# Task description:
Word for word, print every entry below.

# Extracted information:
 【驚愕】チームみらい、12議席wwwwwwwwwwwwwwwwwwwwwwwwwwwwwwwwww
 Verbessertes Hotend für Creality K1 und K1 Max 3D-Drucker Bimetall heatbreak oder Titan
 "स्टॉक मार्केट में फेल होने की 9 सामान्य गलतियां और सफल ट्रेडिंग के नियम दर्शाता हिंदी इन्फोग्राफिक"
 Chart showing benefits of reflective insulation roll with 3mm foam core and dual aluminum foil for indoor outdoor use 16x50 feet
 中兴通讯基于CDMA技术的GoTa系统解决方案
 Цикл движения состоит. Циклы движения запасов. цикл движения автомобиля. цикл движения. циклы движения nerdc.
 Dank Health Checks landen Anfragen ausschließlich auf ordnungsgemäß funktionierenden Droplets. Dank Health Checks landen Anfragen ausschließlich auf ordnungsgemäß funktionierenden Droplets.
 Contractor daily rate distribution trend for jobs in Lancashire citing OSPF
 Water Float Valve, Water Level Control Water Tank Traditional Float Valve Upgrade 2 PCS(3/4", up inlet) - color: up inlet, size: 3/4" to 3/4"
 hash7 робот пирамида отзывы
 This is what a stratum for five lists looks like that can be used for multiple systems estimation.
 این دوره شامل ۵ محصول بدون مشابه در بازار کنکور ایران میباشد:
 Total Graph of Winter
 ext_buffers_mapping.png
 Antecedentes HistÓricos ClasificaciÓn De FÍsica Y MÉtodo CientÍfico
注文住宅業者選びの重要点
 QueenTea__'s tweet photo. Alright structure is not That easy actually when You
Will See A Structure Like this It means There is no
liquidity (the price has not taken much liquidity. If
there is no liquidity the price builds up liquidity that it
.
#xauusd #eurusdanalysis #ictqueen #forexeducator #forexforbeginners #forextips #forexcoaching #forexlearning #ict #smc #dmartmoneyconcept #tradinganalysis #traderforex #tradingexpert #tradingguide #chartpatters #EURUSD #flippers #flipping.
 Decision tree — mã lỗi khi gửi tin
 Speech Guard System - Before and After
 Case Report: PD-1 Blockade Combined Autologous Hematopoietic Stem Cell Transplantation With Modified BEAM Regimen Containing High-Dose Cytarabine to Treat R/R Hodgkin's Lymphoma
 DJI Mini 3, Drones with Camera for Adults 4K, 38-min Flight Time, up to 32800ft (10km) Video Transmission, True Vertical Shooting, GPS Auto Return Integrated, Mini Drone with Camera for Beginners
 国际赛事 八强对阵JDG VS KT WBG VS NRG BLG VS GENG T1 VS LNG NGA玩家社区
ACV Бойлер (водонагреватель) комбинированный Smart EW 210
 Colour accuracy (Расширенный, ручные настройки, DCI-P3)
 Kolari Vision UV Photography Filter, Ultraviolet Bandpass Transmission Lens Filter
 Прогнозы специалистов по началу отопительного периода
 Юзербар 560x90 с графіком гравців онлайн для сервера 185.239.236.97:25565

# Task response:
 【驚愕】チームみらい、12議席wwwwwwwwwwwwwwwwwwwwwwwwwwwwwwwwww
 Verbessertes Hotend für Creality K1 und K1 Max 3D-Drucker Bimetall heatbreak oder Titan
 "स्टॉक मार्केट में फेल होने की 9 सामान्य गलतियां और सफल ट्रेडिंग के नियम दर्शाता हिंदी इन्फोग्राफिक"
 Chart showing benefits of reflective insulation roll with 3mm foam core and dual aluminum foil for indoor outdoor use 16x50 feet
 中兴通讯基于CDMA技术的GoTa系统解决方案
 Цикл движения состоит. Циклы движения запасов. цикл движения автомобиля. цикл движения. циклы движения nerdc.
 Dank Health Checks landen Anfragen ausschließlich auf ordnungsgemäß funktionierenden Droplets. Dank Health Checks landen Anfragen ausschließlich auf ordnungsgemäß funktionierenden Droplets.
 Contractor daily rate distribution trend for jobs in Lancashire citing OSPF
 Water Float Valve, Water Level Control Water Tank Traditional Float Valve Upgrade 2 PCS(3/4", up inlet) - color: up inlet, size: 3/4" to 3/4"
 hash7 робот пирамида отзывы
 This is what a stratum for five lists looks like that can be used for multiple systems estimation.
 این دوره شامل ۵ محصول بدون مشابه در بازار کنکور ایران میباشد:
 Total Graph of Winter
 ext_buffers_mapping.png
 Antecedentes HistÓricos ClasificaciÓn De FÍsica Y MÉtodo CientÍfico
注文住宅業者選びの重要点
 QueenTea__'s tweet photo. Alright structure is not That easy actually when You
Will See A Structure Like this It means There is no
liquidity (the price has not taken much liquidity. If
there is no liquidity the price builds up liquidity that it
.
#xauusd #eurusdanalysis #ictqueen #forexeducator #forexforbeginners #forextips #forexcoaching #forexlearning #ict #smc #dmartmoneyconcept #tradinganalysis #traderforex #tradingexpert #tradingguide #chartpatters #EURUSD #flippers #flipping.
 Decision tree — mã lỗi khi gửi tin
 Speech Guard System - Before and After
 Case Report: PD-1 Blockade Combined Autologous Hematopoietic Stem Cell Transplantation With Modified BEAM Regimen Containing High-Dose Cytarabine to Treat R/R Hodgkin's Lymphoma
 DJI Mini 3, Drones with Camera for Adults 4K, 38-min Flight Time, up to 32800ft (10km) Video Transmission, True Vertical Shooting, GPS Auto Return Integrated, Mini Drone with Camera for Beginners
 国际赛事 八强对阵JDG VS KT WBG VS NRG BLG VS GENG T1 VS LNG NGA玩家社区
ACV Бойлер (водонагреватель) комбинированный Smart EW 210
 Colour accuracy (Расширенный, ручные настройки, DCI-P3)
 Kolari Vision UV Photography Filter, Ultraviolet Bandpass Transmission Lens Filter
 Прогнозы специалистов по началу отопительного периода
 Юзербар 560x90 с графіком гравців онлайн для сервера 185.239.236.97:25565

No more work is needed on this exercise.